«Sueño. A veces pienso que es la única acción correcta que se puede hacer. Soñar, vivir en el mundo de los sueños… […] Pero no dura mucho. La vigilia siempre acaba apoderándose de mí.»
No puedo decir que no estaba advertido. La dedicatoria que J anotó en el ejemplar de Sputnik, mi amor, aquel jueves que la acompañé al aeropuerto, afirmaba contundente que se trataba de un regalo para acercarme a Murakami “bajo advertencia de que crea adicción”. Y, como se lo prometí ese día, esperé hasta este lunes para dejar que el escritor japonés acompañara parte de mi viaje.

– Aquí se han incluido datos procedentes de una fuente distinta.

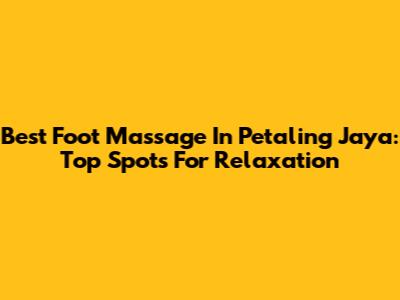 Best Foot Massage In Petaling Jaya: Top Spots For Relaxation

Nunca antes había leído yo a Haruki Murakami. Pero lo cierto es que J no se equivocaba. Más allá de lo provocador que resultaba el primer párrafo de la novela, fue la acumulación de reflejos que se articulaba con cada página lo que me impidió soltar el libro antes de llegar al final.
Estoy convencido de que la magia de los auténticos descubrimientos radica en su carácter imprevisible. Puedo decir con orgullo que en estos meses he tenido oportunidad de experimentar todo tipo de encantamientos vinculados con esta clase de revelaciones. Y Murakami se ha sumado a la lista de un modo absolutamente inimaginable.
Este japonés no me ha dejado sólo con la necesidad de acercarme más a sus letras. Ha potenciado mi curiosidad por leer a Kerouac. Ha reforzado mi necesidad por alimentar con más regularidad mis instintos literarios. Y eso, una vez más, me deja en deuda con J. Gracias, pequeñuela.